Unless you are buying miles of pipe - just use schedule 40 or better. Since this is nuclear - YOU DO NOT WANT any problems - because if you do - S&&t will hit the fan so fast you won't even see it happen.

One tiny leak will shut the plant down and some little old lady that lives 20 miles down the road will want to sue over radiation sickness.

 

[alomejorfofi]

I am waitting for the quotation from suppliers, so when i recieve it i will see if there are fittings with this schedule in stock and their prices. Then, the proposal manager will question me about my technical evalutaion, and then...........i say that in large diameters like 18", 16", 14", 12", even 10" i don't recommend use thin walls because:
-possible no disponibilty of fittings, or high cost
-alignment & ovality problems
- we don't know if our assemblers can weld appropriately this pipes

anything else?
will see

 

[moltenmetal]

Wow, you guys must be made of money if you're going with sch40S at these sizes just to make the welding easier! That may well be the right decision in the nuclear industry, but if we made those sorts of decisions in our industry we'd be out of business.

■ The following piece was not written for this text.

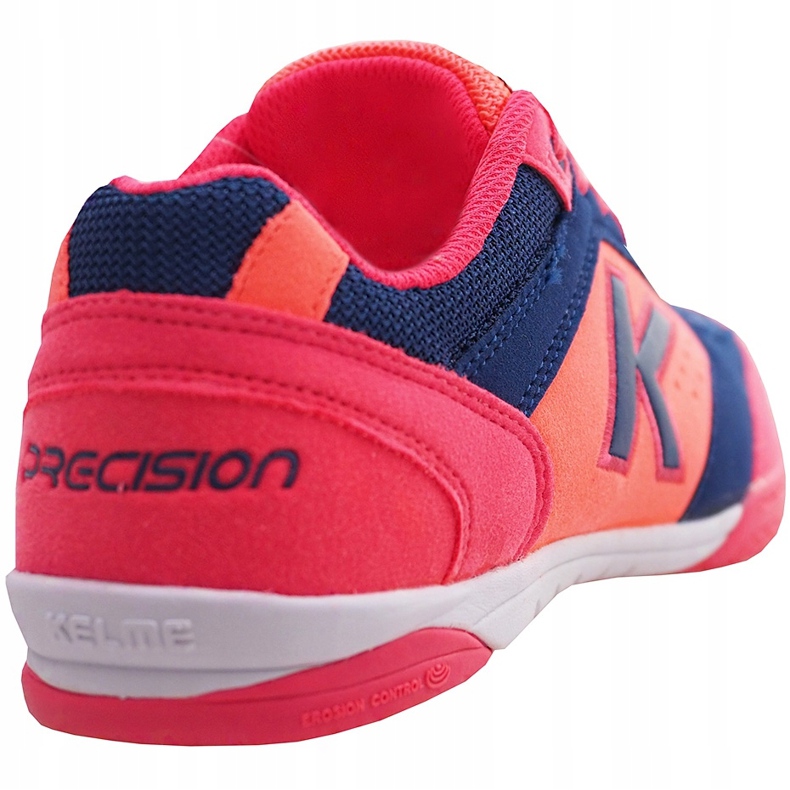 Kelme Precision Indoor 55211 9816 vícebarevný vícebarevný 3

As long as you specify (and can tolerate) welded seam, the fittings and pipe are no problem to come by, though it appears that what suppliers send us are often sch40S fittings that were a little under-thickness: they have been back-prepped on the ID to take them back to sch10S thickness. Those need to be checked carefully before use or you may have problems with RT later.

Preparation for butt welding takes some time and some tooling, but the welding itself takes fewer passes. People that make thin-wall stainless vessels have it way harder. Find a competent weld shop and they'll do a great job for you.

It can look a little ugly if the deposition rates are too high- you do tend to get a bit of diametral shrinkage.

Make sure you don't use 3000# o-let fittings for branches and then expect the welder to completely fill the bevel. You will end up with a sausage, and for no reason. There are better alternatives available.

 

[MiketheEngineer]

In the long run or even the short run - you don't screw around with nuclear. Matter of fact - my company made a conscious decision to stay AWAY from them. We could never make money, the safety issues were nuts and way too many people to enforce them, our equipment could never get completely decontaminated and so it never - ever left the plant.

What does it say about our people?? Some seem to glow at night!!

 

[stanweld]

We weld Sch 10S stainless pipe in the field as a matter of course and regularly meet radiographic quality requirements. We do the same for repairs of vessels and tanks. Without using extra low carbon stainless grades or employing rapid cooling techniques during welding, sensitization is inevitable. Some distortion is also inevitable; distortion can be mitigated using short circuiting or pulsed transfer GMAW.